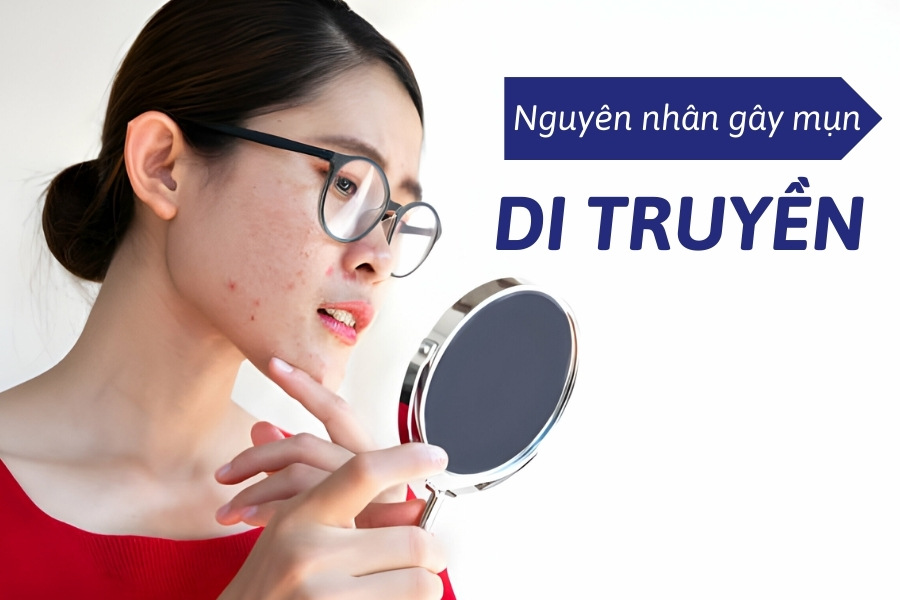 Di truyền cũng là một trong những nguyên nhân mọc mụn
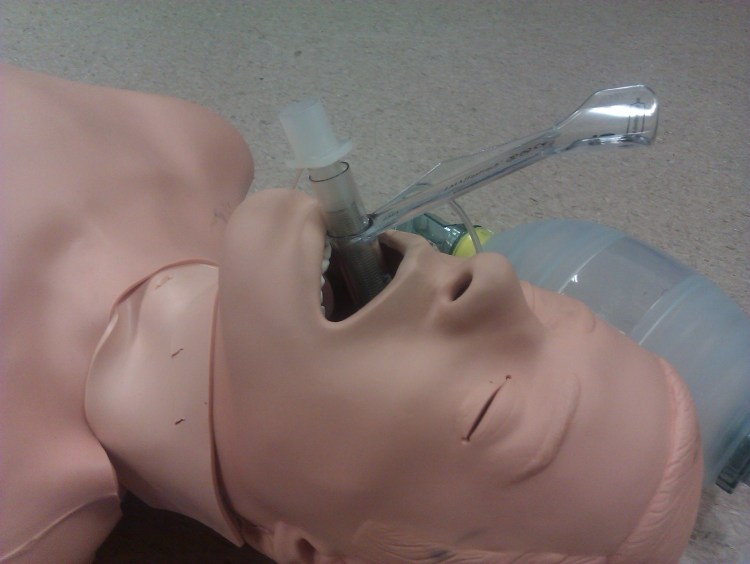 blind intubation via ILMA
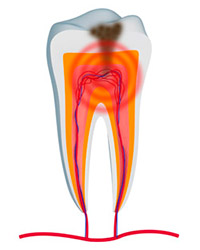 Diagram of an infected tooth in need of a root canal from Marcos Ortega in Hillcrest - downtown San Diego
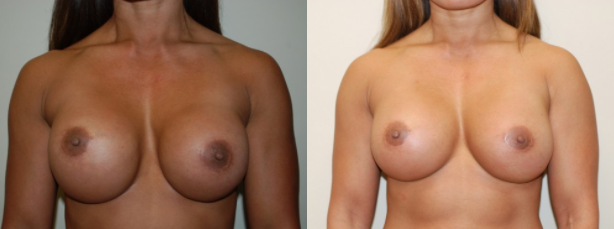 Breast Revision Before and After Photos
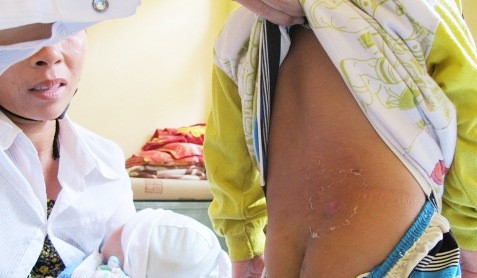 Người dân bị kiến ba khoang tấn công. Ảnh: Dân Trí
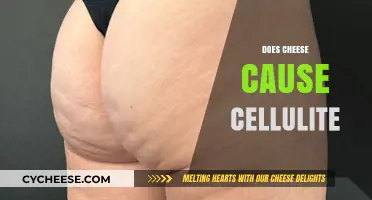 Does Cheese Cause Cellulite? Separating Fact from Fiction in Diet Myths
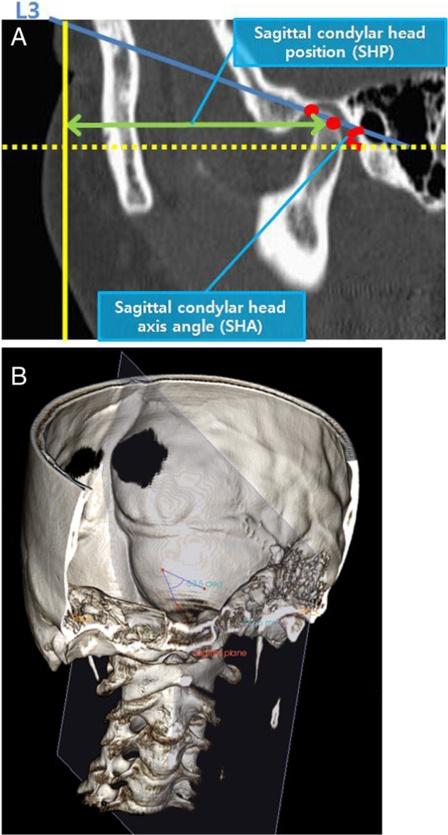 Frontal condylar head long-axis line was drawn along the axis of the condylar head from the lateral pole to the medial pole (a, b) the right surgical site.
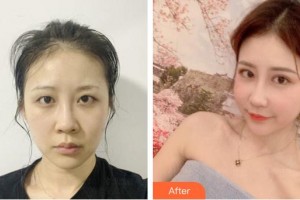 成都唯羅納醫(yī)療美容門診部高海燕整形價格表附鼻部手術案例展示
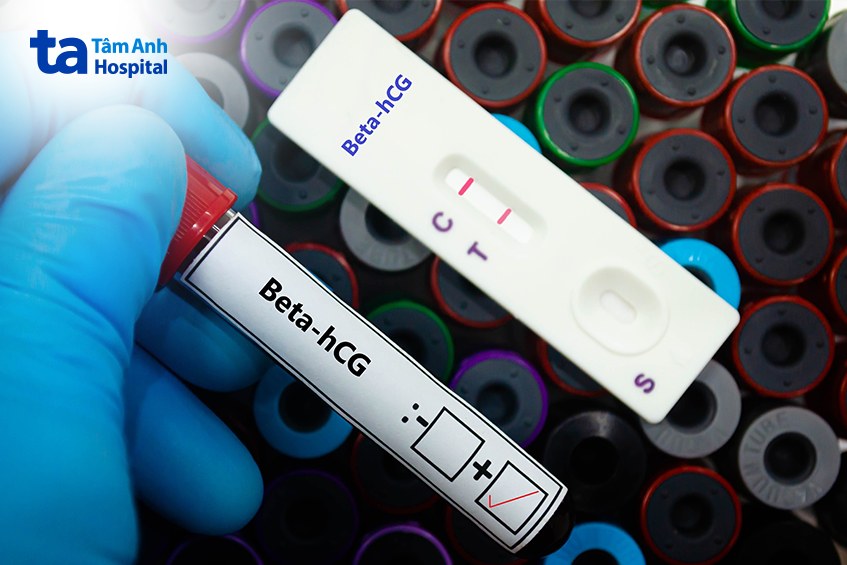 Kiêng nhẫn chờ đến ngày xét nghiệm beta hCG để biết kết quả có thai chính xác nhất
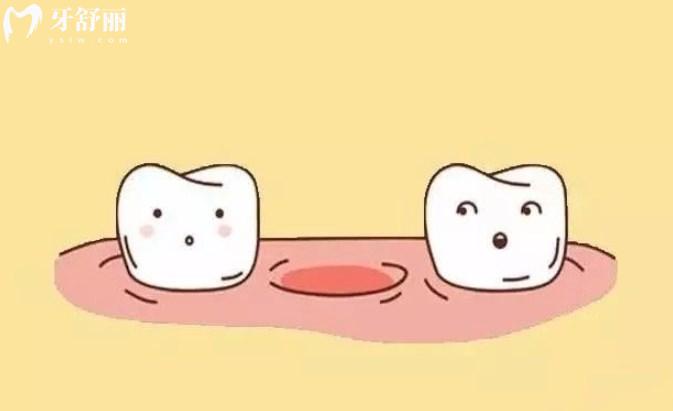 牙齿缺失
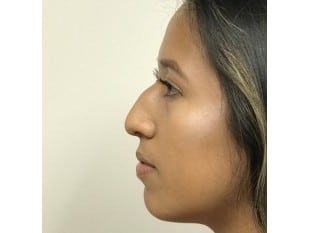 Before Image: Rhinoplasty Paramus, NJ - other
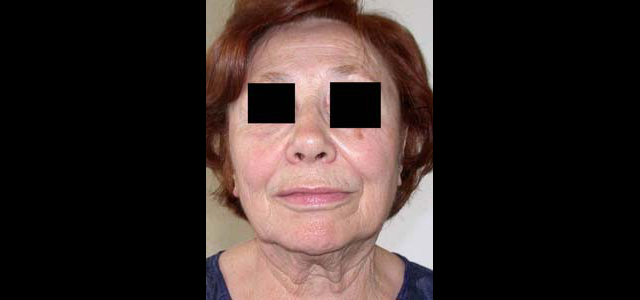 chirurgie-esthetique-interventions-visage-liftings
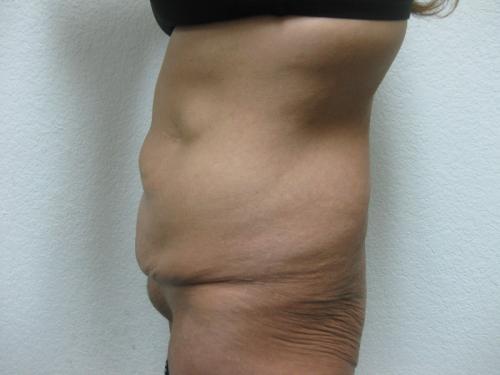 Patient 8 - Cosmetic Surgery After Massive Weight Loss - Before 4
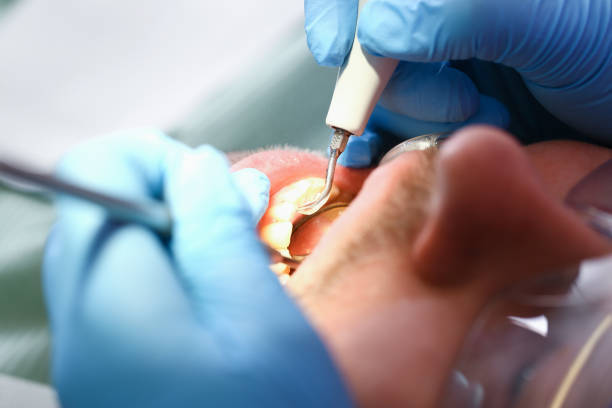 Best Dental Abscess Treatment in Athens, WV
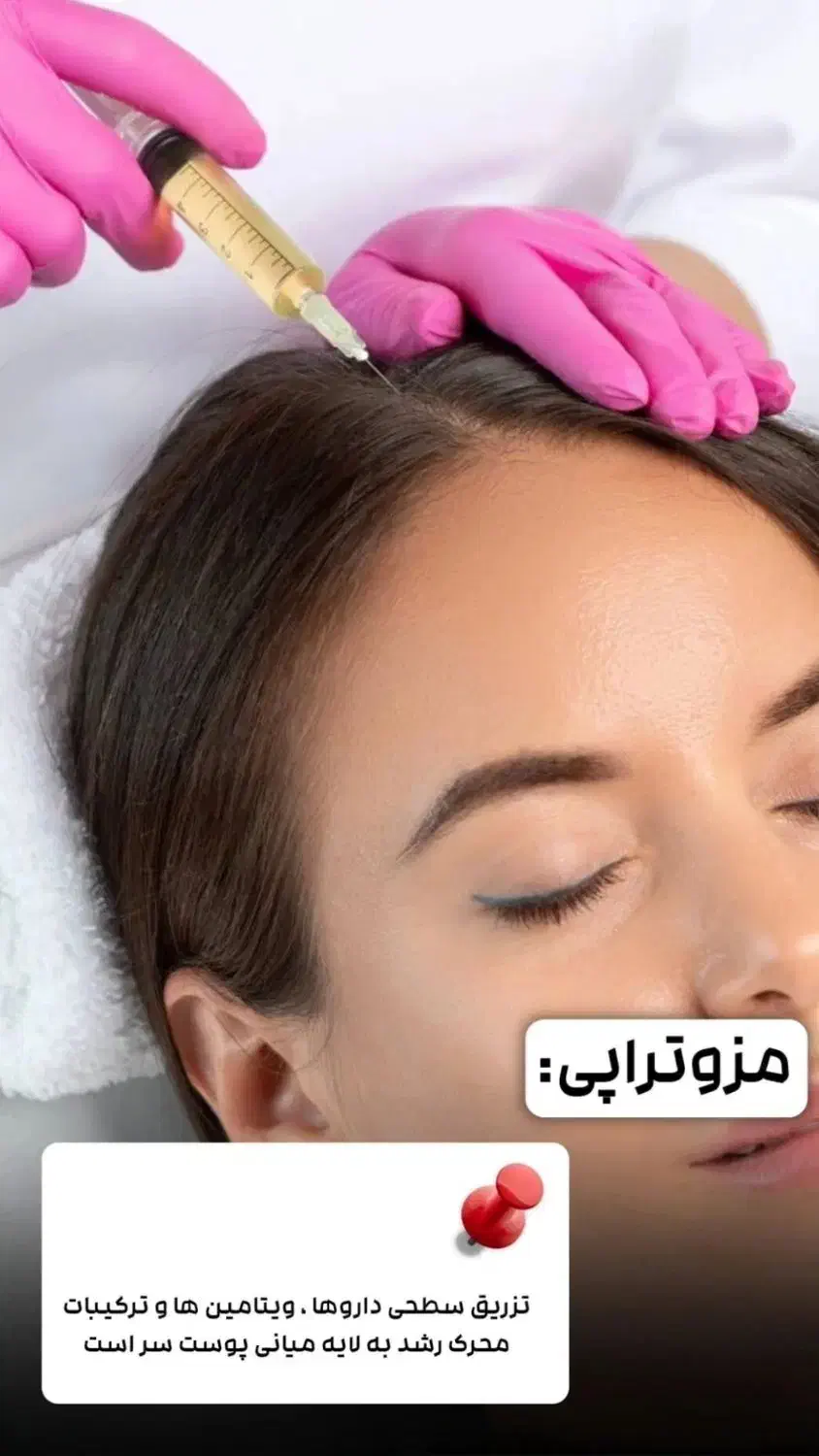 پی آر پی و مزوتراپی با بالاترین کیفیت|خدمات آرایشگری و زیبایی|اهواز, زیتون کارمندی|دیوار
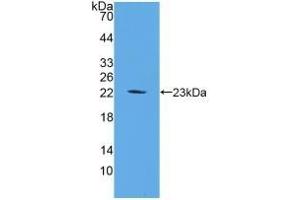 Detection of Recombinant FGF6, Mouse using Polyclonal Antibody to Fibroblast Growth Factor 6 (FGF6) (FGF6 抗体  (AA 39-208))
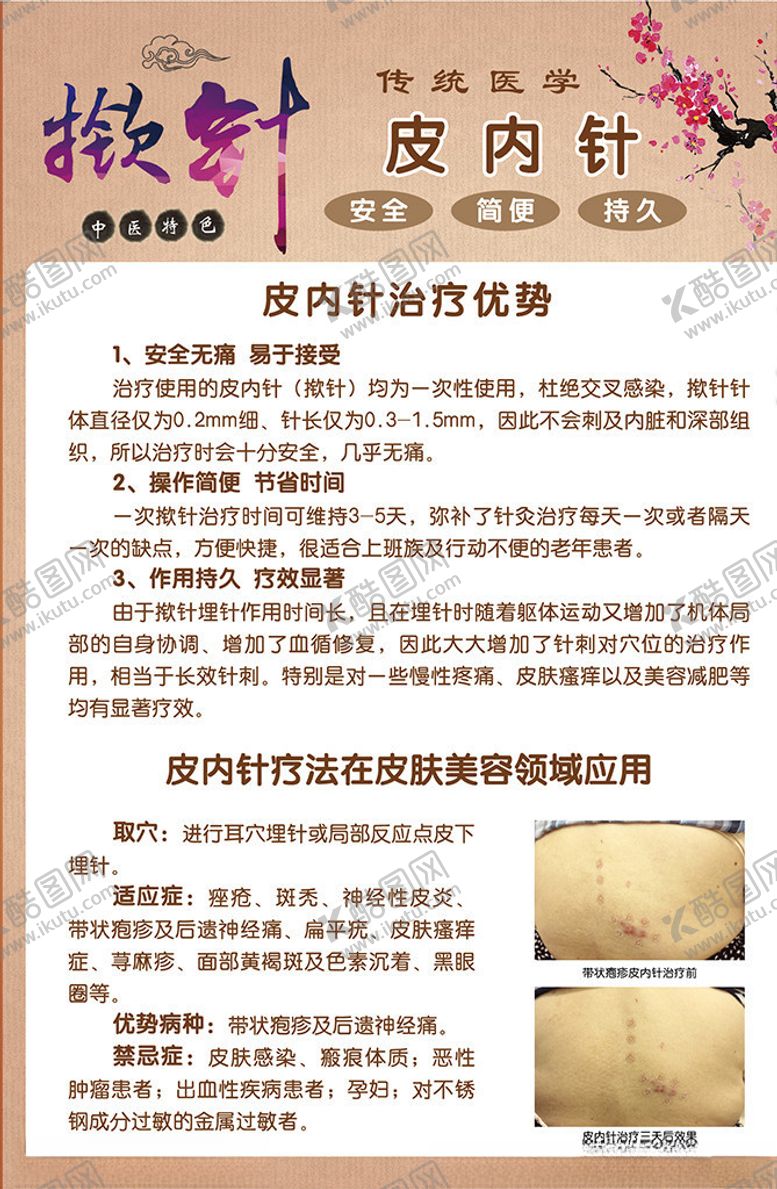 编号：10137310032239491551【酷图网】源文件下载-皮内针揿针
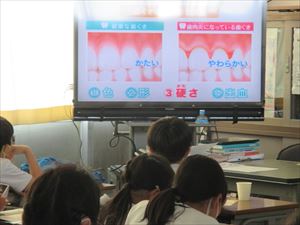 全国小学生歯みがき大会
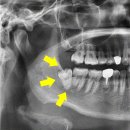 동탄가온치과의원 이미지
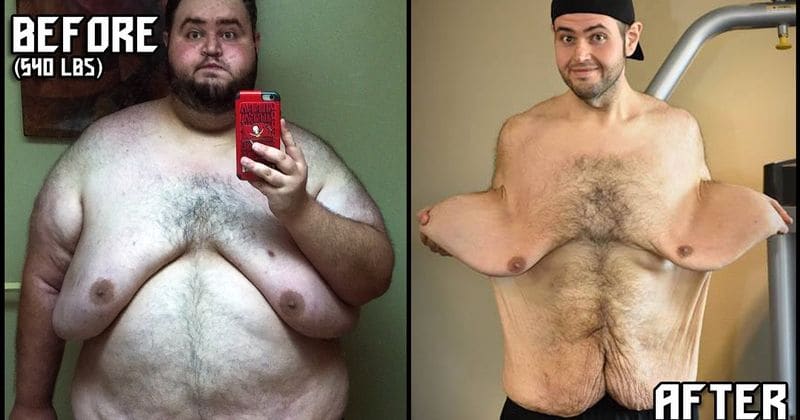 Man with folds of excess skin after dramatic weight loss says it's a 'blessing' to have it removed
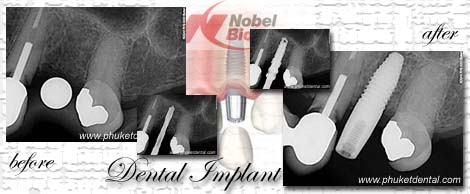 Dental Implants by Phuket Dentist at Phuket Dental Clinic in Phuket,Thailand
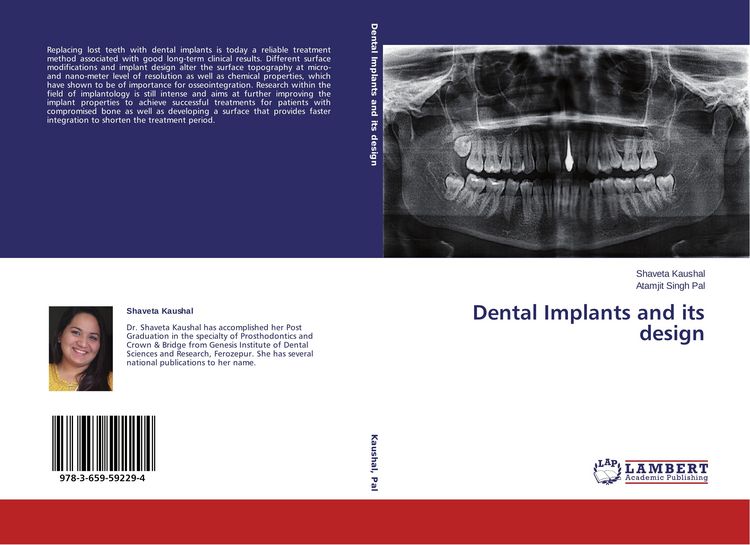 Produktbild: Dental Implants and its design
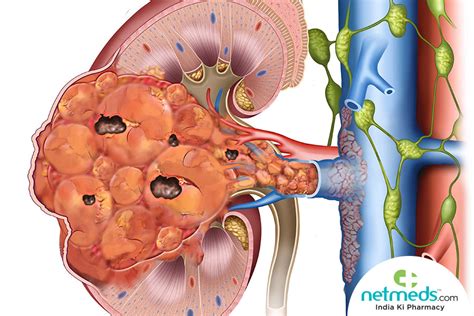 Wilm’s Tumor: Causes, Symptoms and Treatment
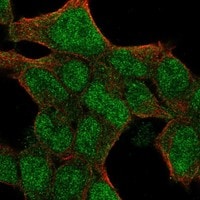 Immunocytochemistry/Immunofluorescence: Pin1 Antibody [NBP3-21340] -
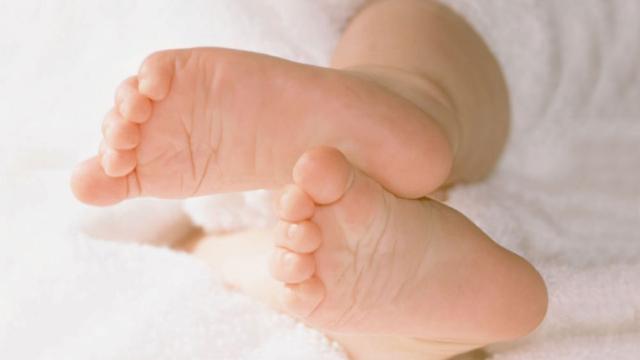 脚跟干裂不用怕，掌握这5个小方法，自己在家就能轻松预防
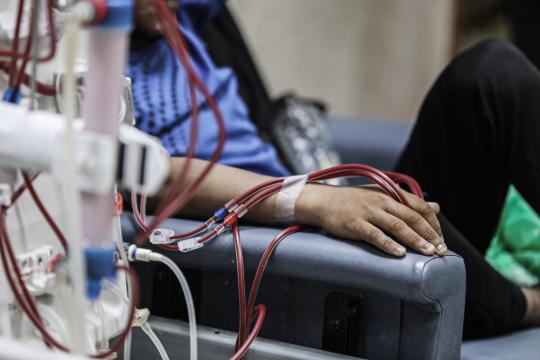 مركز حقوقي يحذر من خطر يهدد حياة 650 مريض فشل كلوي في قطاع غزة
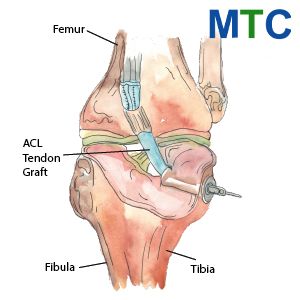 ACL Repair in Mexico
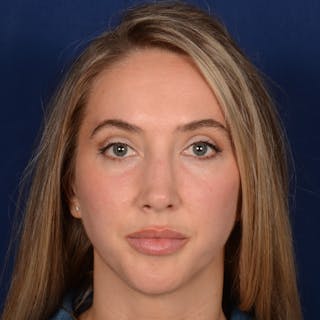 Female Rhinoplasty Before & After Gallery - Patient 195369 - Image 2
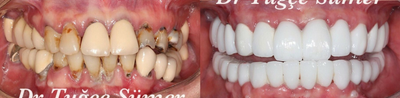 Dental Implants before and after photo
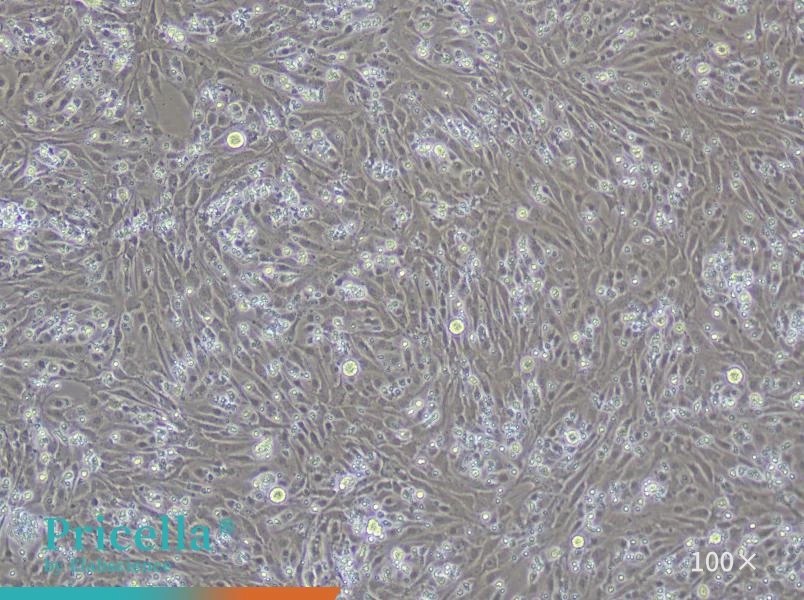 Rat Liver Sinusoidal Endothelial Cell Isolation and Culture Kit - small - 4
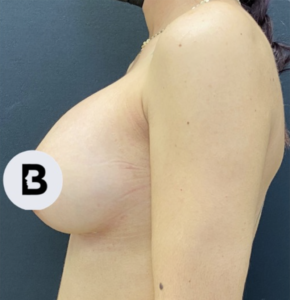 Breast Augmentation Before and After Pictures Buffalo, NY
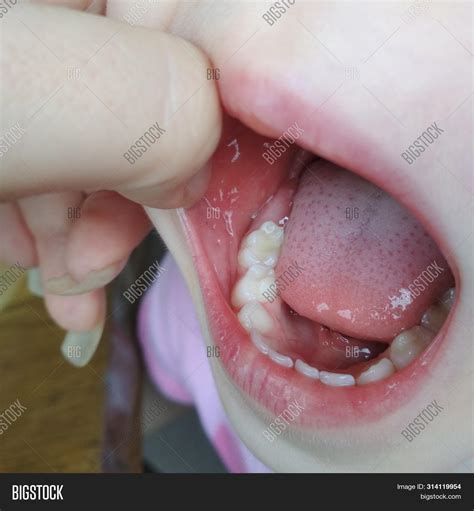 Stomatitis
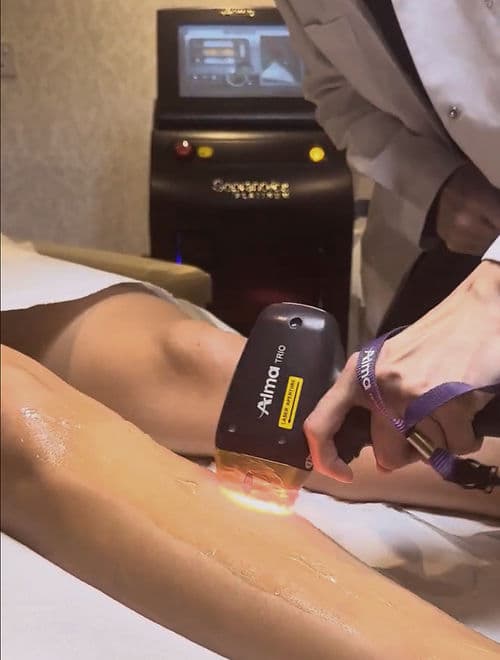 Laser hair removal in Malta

----

> WHAT THIS TASK INVOLVES
From the records above, copy only the lines running from the line holding "Diagram of an" through the line holding "پی آر پی و مزوتراپی", with no pictures.

> EXPECTED ANSWER
 Diagram of an infected tooth in need of a root canal from Marcos Ortega in Hillcrest - downtown San Diego
 Breast Revision Before and After Photos
 Người dân bị kiến ba khoang tấn công. Ảnh: Dân Trí
 Does Cheese Cause Cellulite? Separating Fact from Fiction in Diet Myths
 Frontal condylar head long-axis line was drawn along the axis of the condylar head from the lateral pole to the medial pole (a, b) the right surgical site.
 成都唯羅納醫(yī)療美容門診部高海燕整形價格表附鼻部手術案例展示
 Kiêng nhẫn chờ đến ngày xét nghiệm beta hCG để biết kết quả có thai chính xác nhất
 牙齿缺失
 Before Image: Rhinoplasty Paramus, NJ - other
 chirurgie-esthetique-interventions-visage-liftings
 Patient 8 - Cosmetic Surgery After Massive Weight Loss - Before 4
 Best Dental Abscess Treatment in Athens, WV
 پی آر پی و مزوتراپی با بالاترین کیفیت|خدمات آرایشگری و زیبایی|اهواز, زیتون کارمندی|دیوار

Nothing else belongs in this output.